-------- MATERIAL PROVIDED --------

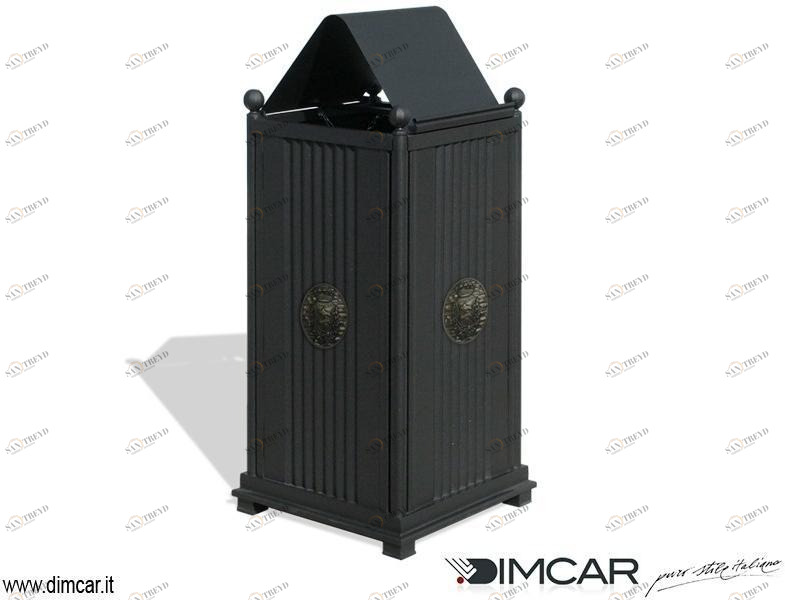 DIMCAR Урна для мусора металлическая с крышкой для улицы Elite sun-id-1454570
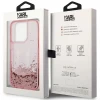 Чохол Karl Lagerfeld Liquid Glitter Big для iPhone 14 Pro Max Pink (KLHCP14XLBKLCP)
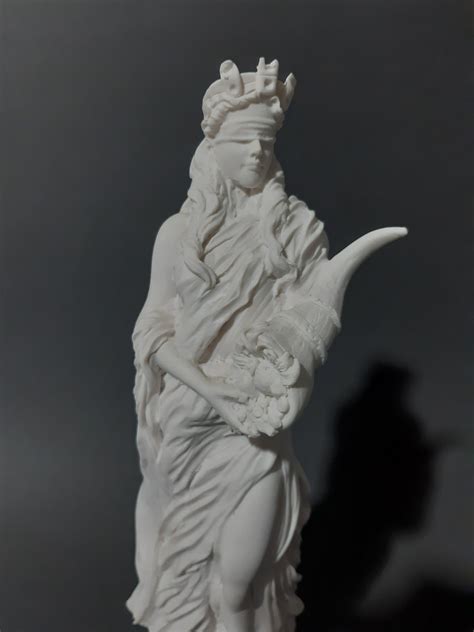 Fortuna Tyche Sculpture Greek Handmade Statue 28cm on Luulla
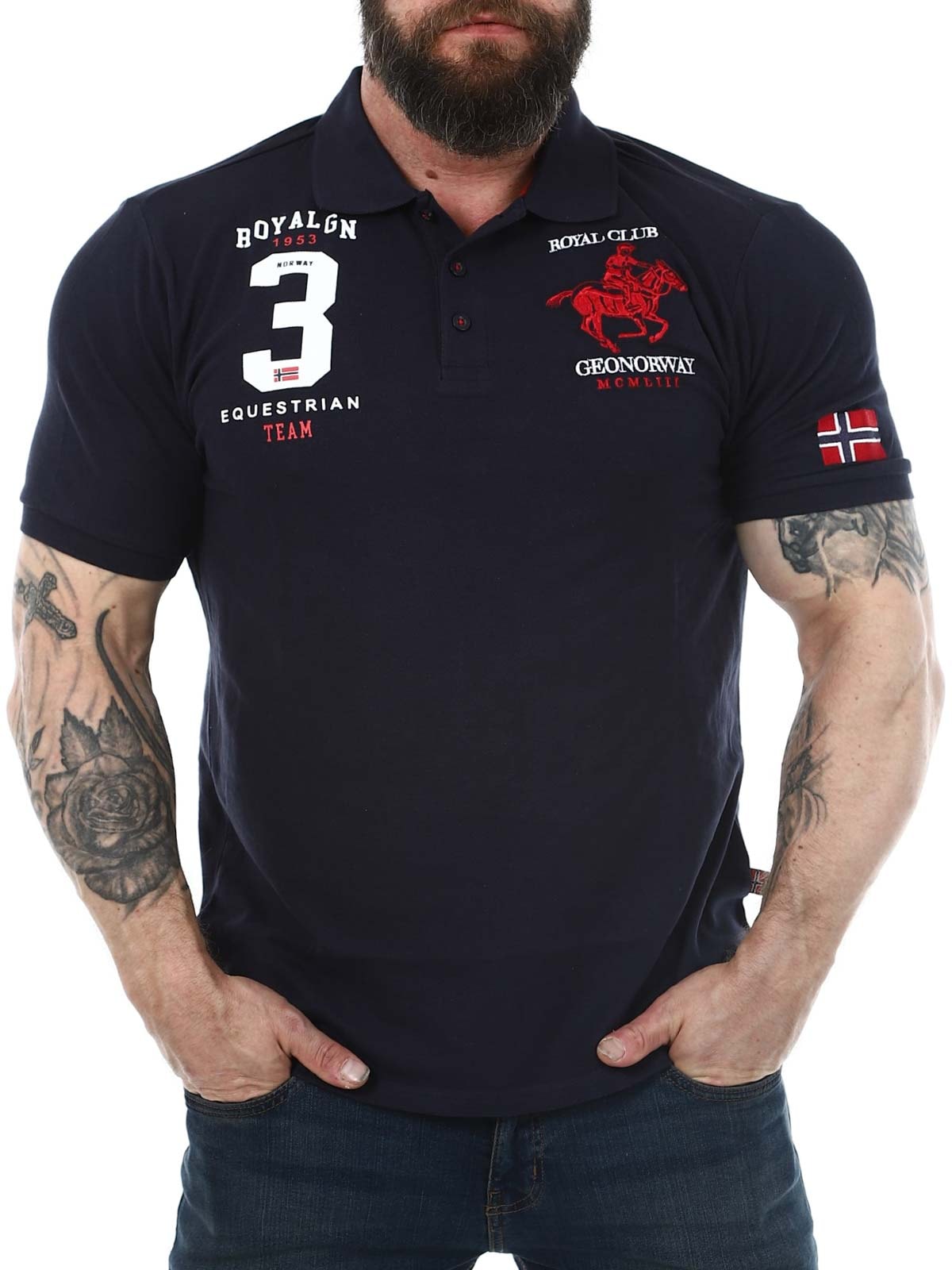 KLUB GEO NORWAY Polo Navy_1.jpg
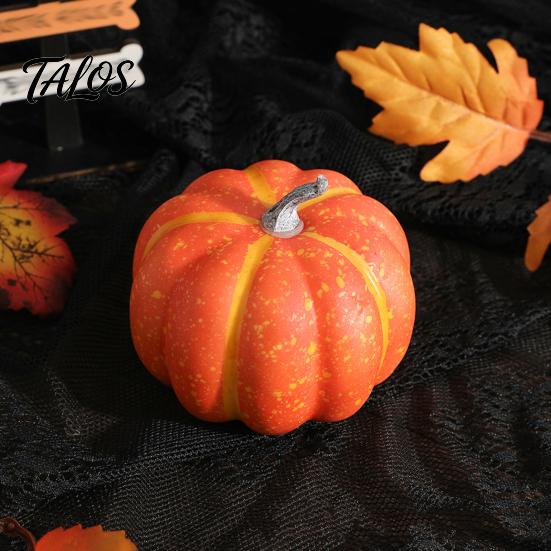 Künstliche Kürbisse für Halloween-Dekorationen Thanksgiving Kürbisdekoration, Bauernhaus Erntesaison Fake Bastelartikel Eltern-Kind-Aktivitäten Tisch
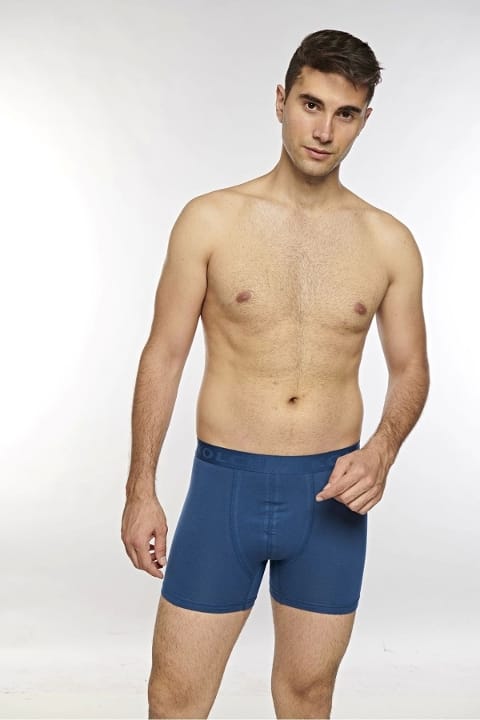 Pamuklu Esnek Yüksek Bel Boxer Kolcu 1340 - Lacivert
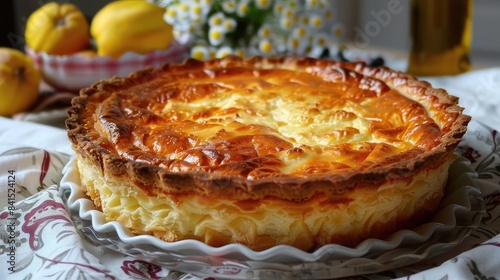 Cottage cheese puff pie made at home © LukaszDesign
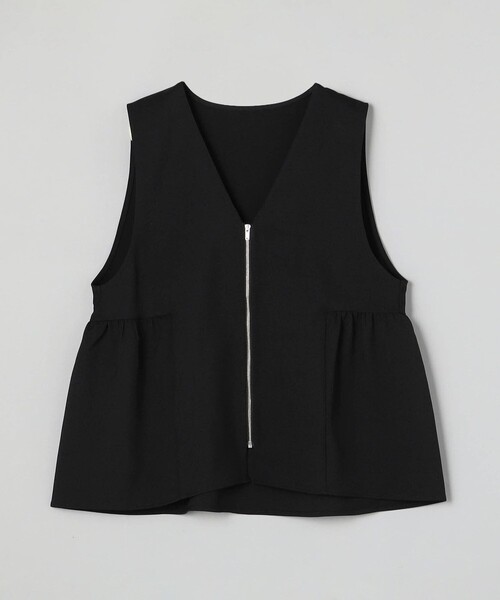 coen（コーエン）の「リネンライク ペプラムジップベスト（ベスト・レディース・ブラック/モカ・FREE）」の19枚目の写真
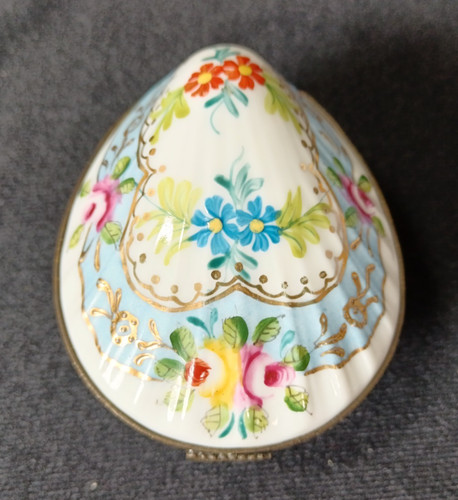 Limoges porcelain trinket - porcelain,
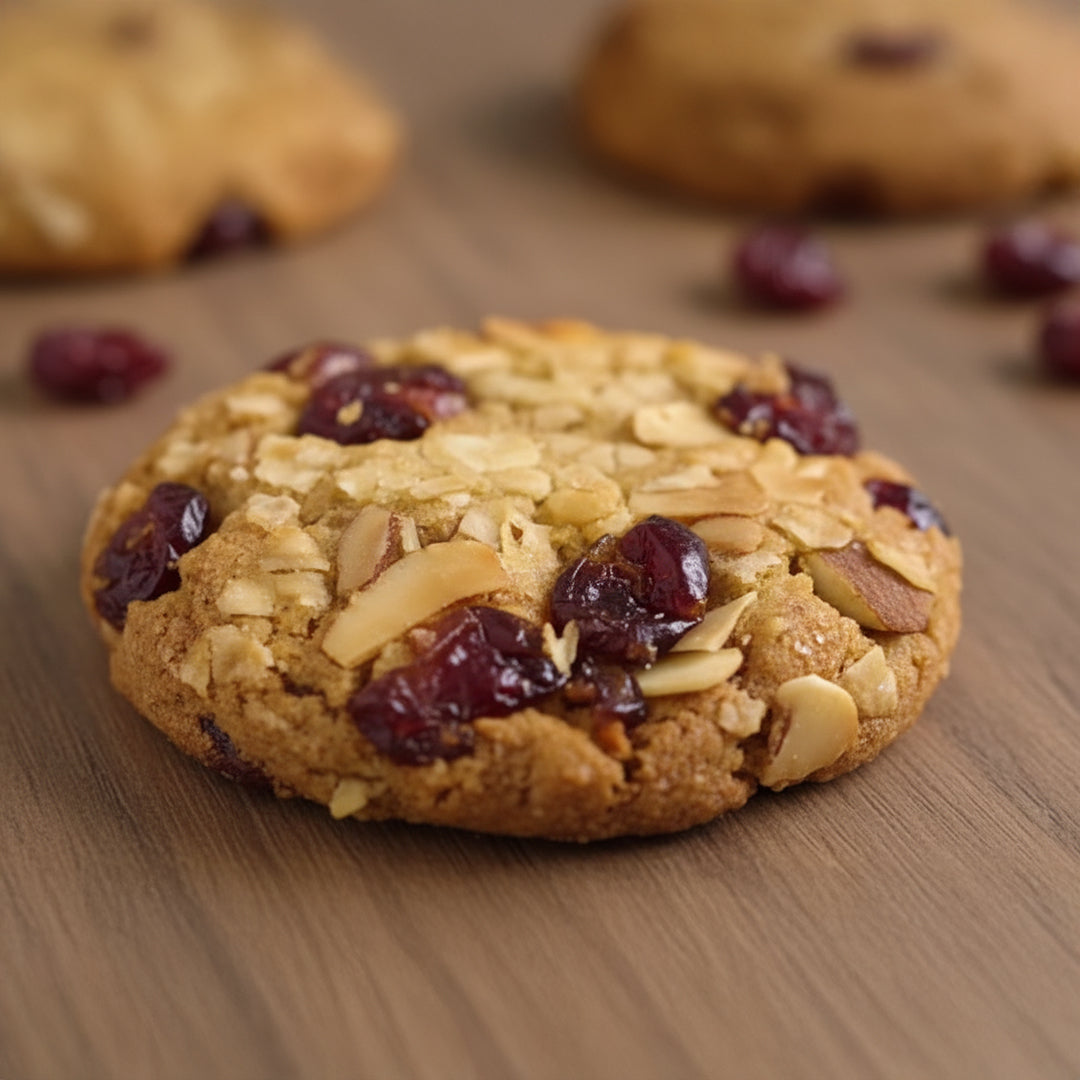 Oats Jaggery Cranberry Almond Cookies (Biscuits)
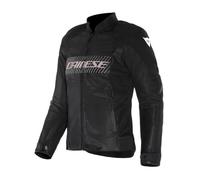 DAINESE - Herosphere Air Tex Jacket Wmn, Chaqueta De Moto De Tejido, Ventilada Y De Verano, Mujer, Negro/Blanco/Melocotón, 38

--------

**YOUR GOAL**
Without including any picture, set down the listing above exactly as it appears.

**WRITTEN ANSWER**
 DIMCAR Урна для мусора металлическая с крышкой для улицы Elite sun-id-1454570
 Чохол Karl Lagerfeld Liquid Glitter Big для iPhone 14 Pro Max Pink (KLHCP14XLBKLCP)
 Fortuna Tyche Sculpture Greek Handmade Statue 28cm on Luulla
 KLUB GEO NORWAY Polo Navy_1.jpg
 Künstliche Kürbisse für Halloween-Dekorationen Thanksgiving Kürbisdekoration, Bauernhaus Erntesaison Fake Bastelartikel Eltern-Kind-Aktivitäten Tisch
 Pamuklu Esnek Yüksek Bel Boxer Kolcu 1340 - Lacivert
 Cottage cheese puff pie made at home © LukaszDesign
 coen（コーエン）の「リネンライク ペプラムジップベスト（ベスト・レディース・ブラック/モカ・FREE）」の19枚目の写真
 Limoges porcelain trinket - porcelain,
 Oats Jaggery Cranberry Almond Cookies (Biscuits)
 DAINESE - Herosphere Air Tex Jacket Wmn, Chaqueta De Moto De Tejido, Ventilada Y De Verano, Mujer, Negro/Blanco/Melocotón, 38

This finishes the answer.